It took Iowa 4 plays to quiet the critics.

Tyler Goodson took a handoff down the sideline 56 yards for a touchdown, and any worries of the football variety were drowned out in a sea of 68,166 waving fans, happy to be back in Kinnick Stadium for the first time since November 2019.

Faced with a ranked Big Ten opponent — one with more hype than the various streaks the Hawks carried into the game from 2020 and beyond — Iowa wasn’t done celebrating Goodson’s gift of a great start when Indiana quarterback Michael Penix Jr. appeared to grant another with a fumble awkwardly shoveled forward and recovered by Iowa.

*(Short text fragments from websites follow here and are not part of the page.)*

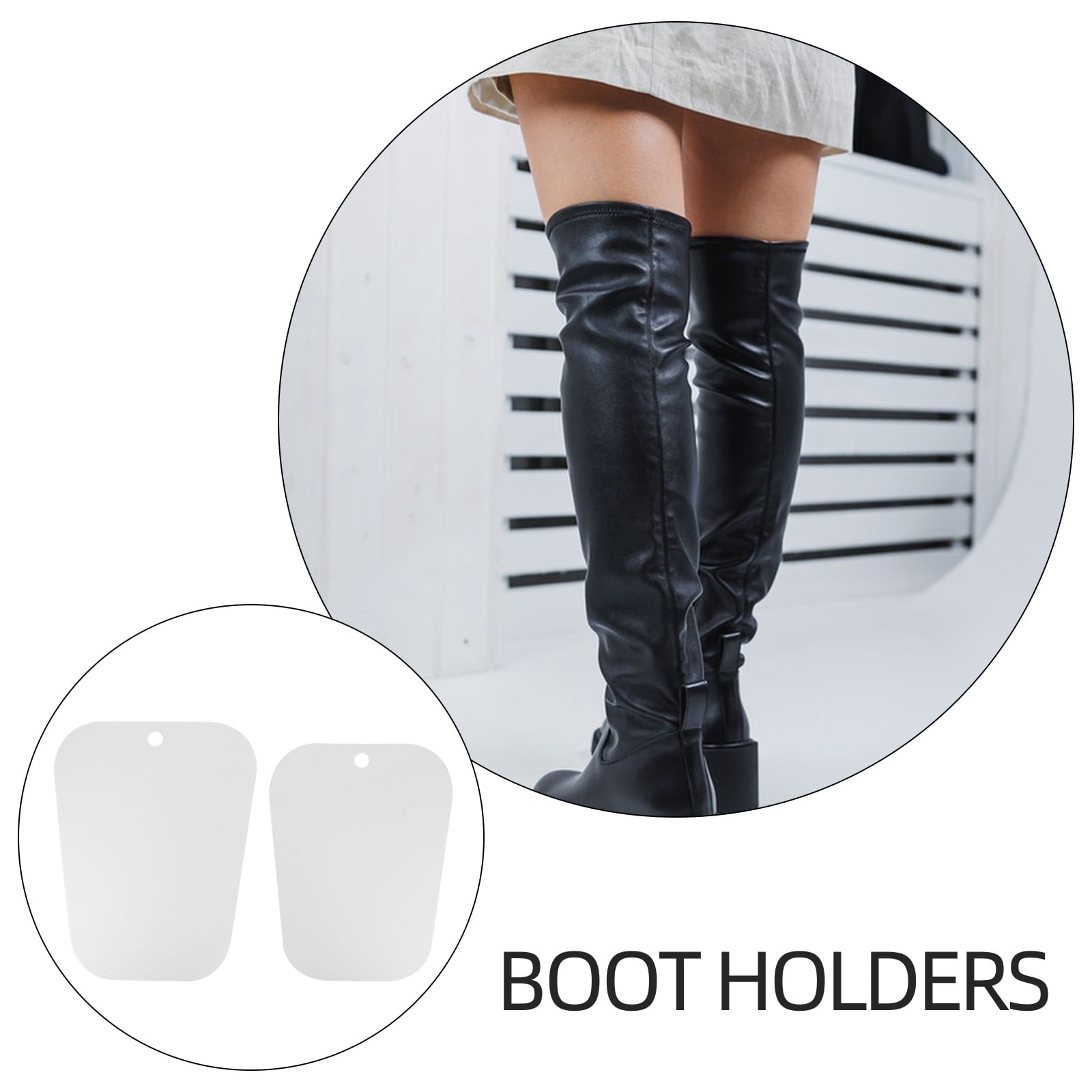 Stuff Boot Inserts WEAVILUX 6Pcs Tall Boot Shaper Inserts Transparent Reusable Boot Holder ...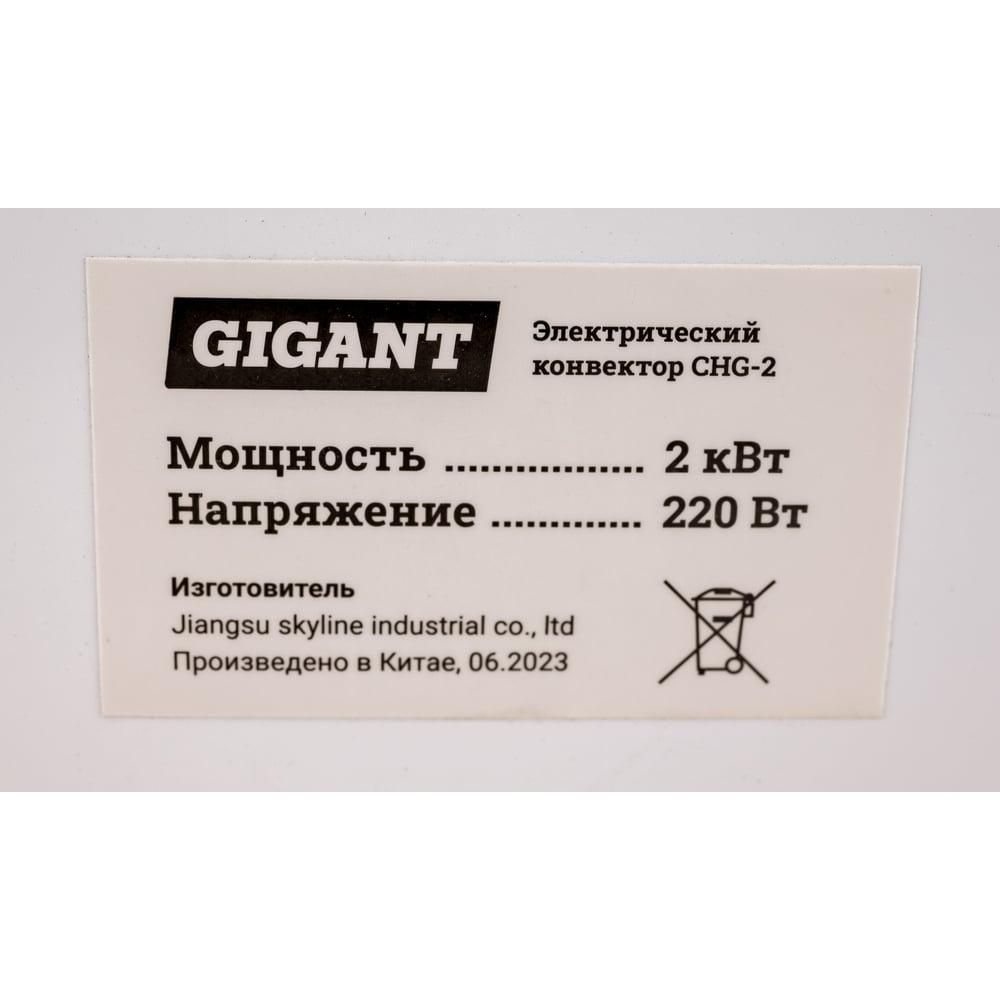 Электрический конвектор Gigant CHG-2 - фото 4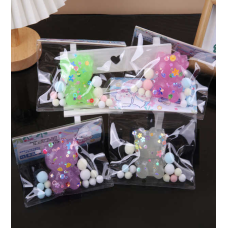 Гра антистрес C 71234 (24) ЦІНА ЗА 20 ШТУК В БЛОЦІ, герой, блискітки, м’які кульки, в коробці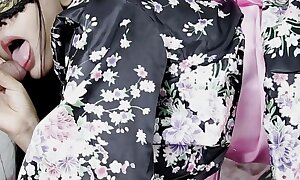 Creampie Thai Oriental Buckle Cosplay Sexy Kimono, Japan Yukata with Fat Long Cock
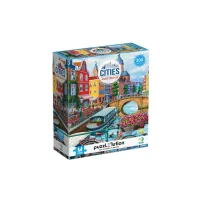 Пазл DoDo Medium-M Міста. Амстердам (300646) - 1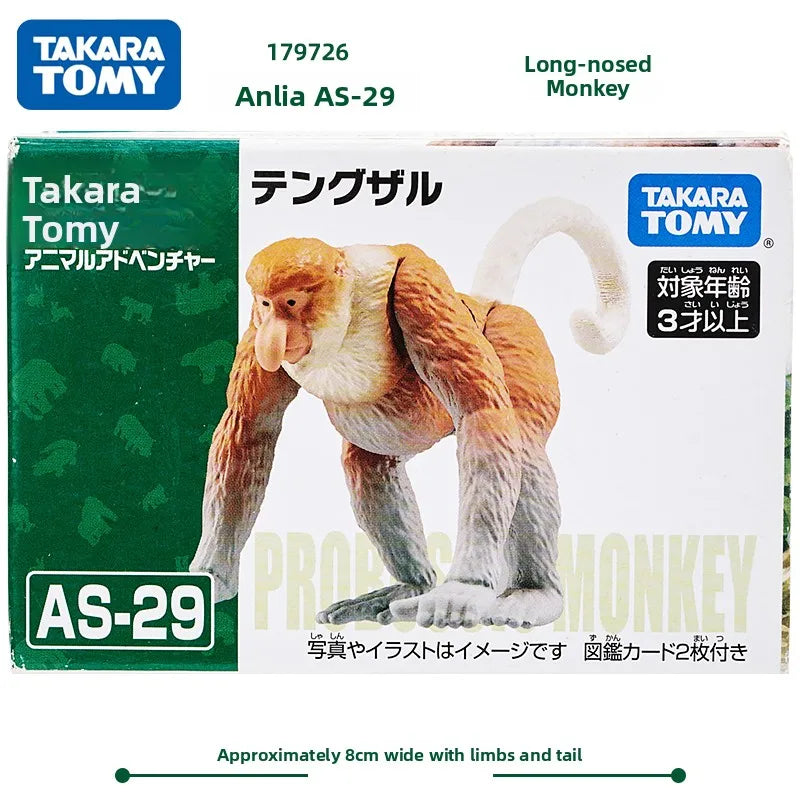 Wildlife Miniature Toys Realistic Tiger Elephant Lion Panda Chimpanzee Simulation Dolls for Children Educational Play Equipment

After much discussion, it was overturned and ruled intentional grounding, then ruled absolutely nothing.

But former NBA player Rasheed Wallace taught us a long time ago: Ball don’t lie.

Whatever that shovel pass was, the football gods frowned, because Riley Moss promptly picked off Penix and took it 30 yards to the house for a 14-0 Hawkeyes lead.

While others were looking at the Hawkeyes’ recent history of losing Big Ten openers against teams not named Rutgers, Iowa was busy extending to 14 seasons its streak of having at least 1 interception returned for a touchdown.

Slow start? Not today.

But this game was all about bucking trends.

Indiana, ranked in the preseason poll for the first time since 1969, was playing Iowa in its opener for the first time since Hayden Fry’s first game in 1979. It was only the 2nd time in 78 matchups that both teams were ranked. The other? 1991.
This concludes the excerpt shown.